Rarity Analysis will look at items listed in the catalog and measures how difficult it would be to acquire. 

This notebook lays the groundwork for that analysis by doing the following:
1. **Defines items** (by exploring the available catalogs. e.g. a "Reaction" is not an item, a "bag" is an item. Only the latter will be evaluated for rarity.)
3. Defines criteria to be measured against to **determine rarity** (by exploring the columns in each catalog.
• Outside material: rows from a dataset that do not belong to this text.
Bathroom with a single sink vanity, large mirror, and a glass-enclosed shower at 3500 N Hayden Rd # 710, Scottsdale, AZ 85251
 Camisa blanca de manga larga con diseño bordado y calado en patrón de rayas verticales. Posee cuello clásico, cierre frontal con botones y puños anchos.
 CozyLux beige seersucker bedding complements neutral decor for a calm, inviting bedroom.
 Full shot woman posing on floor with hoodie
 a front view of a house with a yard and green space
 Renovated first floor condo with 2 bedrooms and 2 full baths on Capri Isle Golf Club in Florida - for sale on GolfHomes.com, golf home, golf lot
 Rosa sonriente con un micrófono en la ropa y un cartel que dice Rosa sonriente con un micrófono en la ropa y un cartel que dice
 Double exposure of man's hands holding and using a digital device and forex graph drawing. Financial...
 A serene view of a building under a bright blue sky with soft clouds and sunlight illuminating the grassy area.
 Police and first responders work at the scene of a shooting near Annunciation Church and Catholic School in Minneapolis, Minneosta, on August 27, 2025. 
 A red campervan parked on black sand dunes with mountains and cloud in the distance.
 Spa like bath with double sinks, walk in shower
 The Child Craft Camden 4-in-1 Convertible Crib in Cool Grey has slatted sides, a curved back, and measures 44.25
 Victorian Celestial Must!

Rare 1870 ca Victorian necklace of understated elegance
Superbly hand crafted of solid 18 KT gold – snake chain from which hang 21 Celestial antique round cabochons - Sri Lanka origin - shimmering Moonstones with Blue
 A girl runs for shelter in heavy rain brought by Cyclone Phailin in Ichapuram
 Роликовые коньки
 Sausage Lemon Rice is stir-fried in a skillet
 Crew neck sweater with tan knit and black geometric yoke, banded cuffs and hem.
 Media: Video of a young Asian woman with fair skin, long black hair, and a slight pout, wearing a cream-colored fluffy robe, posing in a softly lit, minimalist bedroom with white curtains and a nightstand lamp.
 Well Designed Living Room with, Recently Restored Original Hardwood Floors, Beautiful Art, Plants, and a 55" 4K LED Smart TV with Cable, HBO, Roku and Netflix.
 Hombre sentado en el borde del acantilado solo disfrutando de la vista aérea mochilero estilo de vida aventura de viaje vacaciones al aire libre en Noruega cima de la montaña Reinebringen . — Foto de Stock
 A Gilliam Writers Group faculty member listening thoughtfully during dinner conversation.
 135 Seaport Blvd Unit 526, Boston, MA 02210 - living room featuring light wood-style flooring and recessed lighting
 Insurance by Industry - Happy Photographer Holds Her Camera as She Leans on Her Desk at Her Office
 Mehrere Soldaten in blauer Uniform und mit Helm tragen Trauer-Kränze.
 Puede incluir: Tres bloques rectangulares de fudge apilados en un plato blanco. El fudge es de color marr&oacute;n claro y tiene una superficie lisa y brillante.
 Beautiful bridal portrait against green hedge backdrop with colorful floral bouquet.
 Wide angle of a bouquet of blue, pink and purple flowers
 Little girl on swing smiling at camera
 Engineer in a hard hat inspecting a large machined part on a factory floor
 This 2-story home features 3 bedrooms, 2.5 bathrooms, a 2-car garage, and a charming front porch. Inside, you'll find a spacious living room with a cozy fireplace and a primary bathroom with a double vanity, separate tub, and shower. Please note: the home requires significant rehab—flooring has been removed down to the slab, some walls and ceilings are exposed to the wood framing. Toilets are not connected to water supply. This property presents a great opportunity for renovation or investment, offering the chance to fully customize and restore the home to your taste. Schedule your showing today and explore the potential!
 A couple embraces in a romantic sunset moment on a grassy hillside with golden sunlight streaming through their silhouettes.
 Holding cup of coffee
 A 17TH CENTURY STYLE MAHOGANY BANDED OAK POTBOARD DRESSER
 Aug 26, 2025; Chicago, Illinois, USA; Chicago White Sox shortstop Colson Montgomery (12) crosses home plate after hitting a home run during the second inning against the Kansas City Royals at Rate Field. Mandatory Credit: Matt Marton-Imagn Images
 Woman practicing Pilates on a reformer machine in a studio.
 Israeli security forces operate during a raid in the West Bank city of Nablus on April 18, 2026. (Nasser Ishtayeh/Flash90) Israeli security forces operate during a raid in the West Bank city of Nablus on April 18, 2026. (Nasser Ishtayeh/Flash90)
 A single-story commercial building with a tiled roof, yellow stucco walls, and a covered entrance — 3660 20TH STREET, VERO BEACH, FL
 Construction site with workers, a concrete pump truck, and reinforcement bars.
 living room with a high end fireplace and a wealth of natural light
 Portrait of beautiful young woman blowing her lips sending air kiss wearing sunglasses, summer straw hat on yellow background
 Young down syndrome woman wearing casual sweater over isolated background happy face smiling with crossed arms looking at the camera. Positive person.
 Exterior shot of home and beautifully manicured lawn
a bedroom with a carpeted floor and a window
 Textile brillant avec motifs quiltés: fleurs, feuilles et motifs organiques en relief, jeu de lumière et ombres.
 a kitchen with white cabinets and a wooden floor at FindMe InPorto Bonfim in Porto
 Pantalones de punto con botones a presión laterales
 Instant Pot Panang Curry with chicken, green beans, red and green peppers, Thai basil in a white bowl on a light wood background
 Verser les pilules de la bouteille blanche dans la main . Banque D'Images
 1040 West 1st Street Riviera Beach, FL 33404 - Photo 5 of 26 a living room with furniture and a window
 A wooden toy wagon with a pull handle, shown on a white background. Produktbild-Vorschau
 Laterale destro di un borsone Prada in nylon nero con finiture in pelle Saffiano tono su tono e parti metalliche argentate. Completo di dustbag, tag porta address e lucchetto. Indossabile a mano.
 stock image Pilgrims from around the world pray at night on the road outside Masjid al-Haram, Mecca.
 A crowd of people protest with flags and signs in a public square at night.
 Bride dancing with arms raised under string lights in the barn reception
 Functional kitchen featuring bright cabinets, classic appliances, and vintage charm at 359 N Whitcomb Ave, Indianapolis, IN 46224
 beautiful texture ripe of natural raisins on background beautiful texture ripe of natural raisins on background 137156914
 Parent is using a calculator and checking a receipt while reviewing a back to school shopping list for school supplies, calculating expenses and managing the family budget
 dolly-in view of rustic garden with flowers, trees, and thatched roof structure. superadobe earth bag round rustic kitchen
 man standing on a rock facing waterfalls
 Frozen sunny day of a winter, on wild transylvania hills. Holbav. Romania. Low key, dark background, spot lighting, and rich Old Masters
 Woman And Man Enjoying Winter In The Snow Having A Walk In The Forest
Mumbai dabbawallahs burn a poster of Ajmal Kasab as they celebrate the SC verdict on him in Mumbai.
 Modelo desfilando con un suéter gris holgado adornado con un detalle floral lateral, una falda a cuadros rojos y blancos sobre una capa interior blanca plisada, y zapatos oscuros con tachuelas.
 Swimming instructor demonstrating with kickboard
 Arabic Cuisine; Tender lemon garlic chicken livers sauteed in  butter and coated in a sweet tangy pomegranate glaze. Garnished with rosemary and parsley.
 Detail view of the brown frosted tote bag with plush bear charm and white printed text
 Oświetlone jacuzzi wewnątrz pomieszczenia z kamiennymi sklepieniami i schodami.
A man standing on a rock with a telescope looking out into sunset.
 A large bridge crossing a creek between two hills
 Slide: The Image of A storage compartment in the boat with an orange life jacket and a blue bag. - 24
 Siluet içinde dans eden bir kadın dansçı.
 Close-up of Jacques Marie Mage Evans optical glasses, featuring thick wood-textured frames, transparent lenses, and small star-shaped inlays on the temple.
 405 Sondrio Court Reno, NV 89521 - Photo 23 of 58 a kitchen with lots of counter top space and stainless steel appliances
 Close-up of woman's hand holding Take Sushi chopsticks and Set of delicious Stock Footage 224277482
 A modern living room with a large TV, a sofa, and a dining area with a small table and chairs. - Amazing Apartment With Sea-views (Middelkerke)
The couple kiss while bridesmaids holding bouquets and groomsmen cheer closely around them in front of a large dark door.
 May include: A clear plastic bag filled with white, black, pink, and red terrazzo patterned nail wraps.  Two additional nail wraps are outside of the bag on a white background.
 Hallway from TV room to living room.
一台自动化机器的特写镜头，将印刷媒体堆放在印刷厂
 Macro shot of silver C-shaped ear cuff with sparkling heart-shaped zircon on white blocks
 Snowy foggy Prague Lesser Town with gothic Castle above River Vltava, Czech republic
Any dimension that indicates availability/restrictions/etc. could factor into the rarity calculation.)
4. Determine the **rarity calculation** (based on the values within relevant columns, what items are rare and what items are common?) 

In [25]:
import os
import sys
import pandas as pd
os.chdir('..') #change the current working directory
sys.path.append(os.getcwd()) #add diretory to the path

<h4>Load Data</h4>

In [2]:
from load_python import load_data
data = load_data(data_folder='data')

Loaded accessories with 222 rows and 22 columns.
Loaded achievements with 84 rows and 21 columns.
Loaded art with 70 rows and 26 columns.
Loaded bags with 96 rows and 20 columns.
Loaded bottoms with 726 rows and 20 columns.
Loaded construction with 236 rows and 7 columns.
Loaded dress-up with 913 rows and 22 columns.
Loaded fencing with 19 rows and 11 columns.
Loaded fish with 80 rows and 41 columns.
Loaded floors with 176 rows and 19 columns.
Loaded fossils with 73 rows and 14 columns.
Loaded headwear with 698 rows and 22 columns.
Loaded housewares with 3275 rows and 32 columns.
Loaded insects with 80 rows and 38 columns.
Loaded miscellaneous with 1307 rows and 31 columns.
Loaded music with 98 rows and 13 columns.
Loaded other with 353 rows and 15 columns.
Loaded photos with 3128 rows and 20 columns.
Loaded posters with 452 rows and 13 columns.
Loaded reactions with 44 rows and 5 columns.
Loaded recipes with 595 rows and 24 columns.
Loaded rugs with 132 rows and 19 columns.
Loaded sho

items = **accessories**, **art**, **bags**, **dress-up**, **floors**, **headwear**, **bottoms**, **housewares**, **posters**, **socks**, **shoes**, **rugs**, **tops**, **umbrellas**, **wall-mounted**, **wallpaper**.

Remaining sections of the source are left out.